(Work required) Could you return all of the entries word for word, minus any pictures?

(Data records)

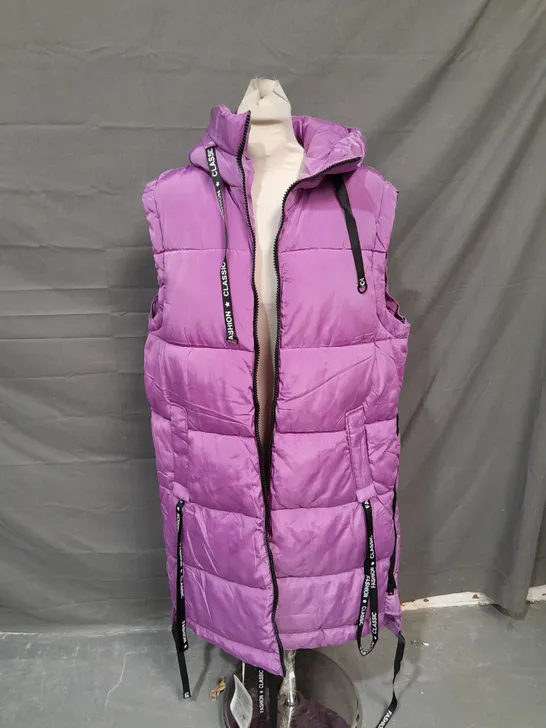 MINORITY FASHION CLASSIC LONG PADDED GILET IN PURPLE - XXL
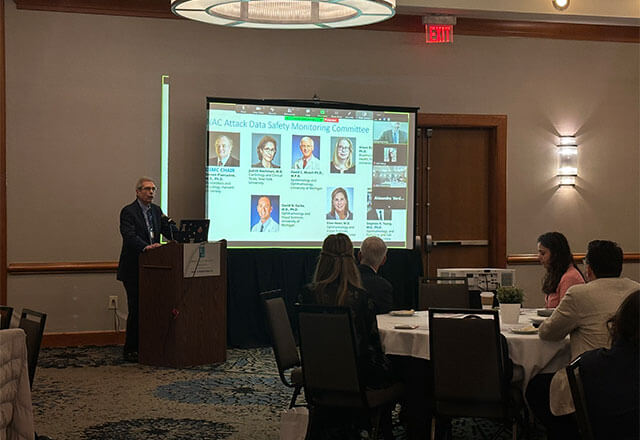 Peter Campochiaro, study chair of the NAC Attack study, presenting to the assembled researchers.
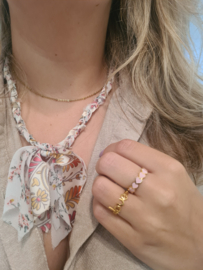 Bandana ketting Wit-roze patroon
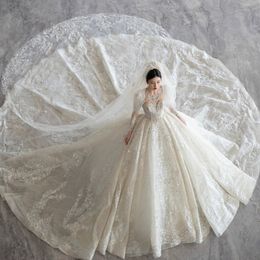 2024 TULLE Mooie bruidjurken Nieuwe mode -appliques kanten trouwjurken Vintage Boho Wed Dress Vestido de Noiva Robe de Mariee Backless Sweep Train Wedding Trowns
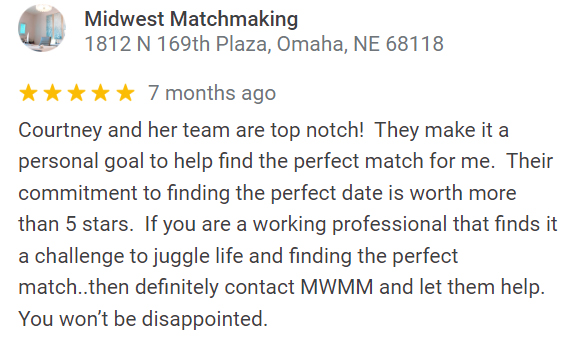 Google review of Midwest Matchmaking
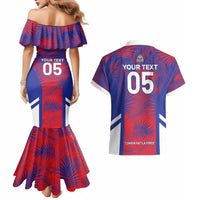Custom Les Grenadiers Haiti Football Couples Matching Mermaid Dress and Hawaiian Shirt Tropical Vibes - Wonder Print Shop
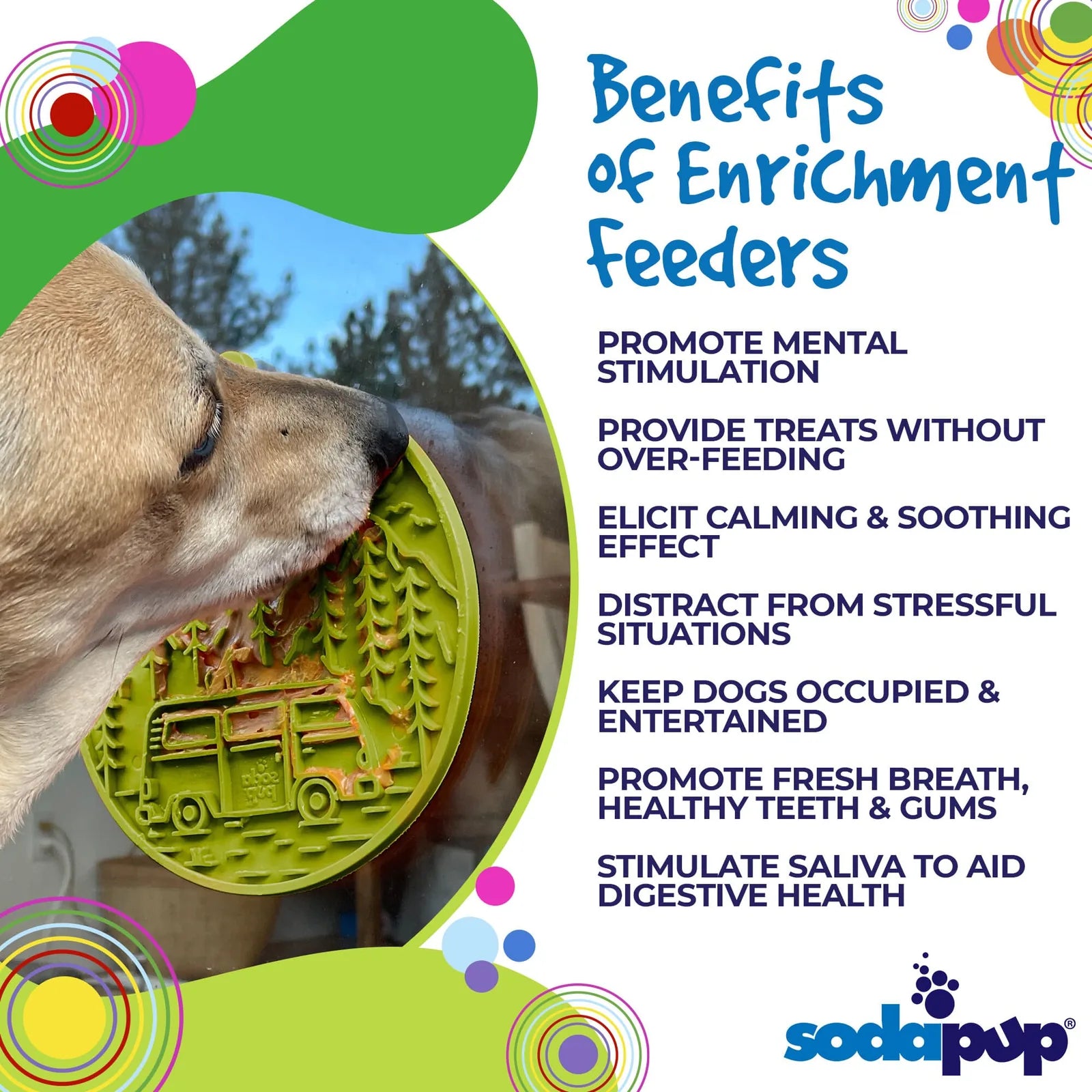 A dog interacts with a green retro van design lick mat, promoting calmness and mental stimulation.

(Solution for this exercise)
 MINORITY FASHION CLASSIC LONG PADDED GILET IN PURPLE - XXL
 Peter Campochiaro, study chair of the NAC Attack study, presenting to the assembled researchers.
 Bandana ketting Wit-roze patroon
 2024 TULLE Mooie bruidjurken Nieuwe mode -appliques kanten trouwjurken Vintage Boho Wed Dress Vestido de Noiva Robe de Mariee Backless Sweep Train Wedding Trowns
 Google review of Midwest Matchmaking
Custom Les Grenadiers Haiti Football Couples Matching Mermaid Dress and Hawaiian Shirt Tropical Vibes - Wonder Print Shop
 A dog interacts with a green retro van design lick mat, promoting calmness and mental stimulation.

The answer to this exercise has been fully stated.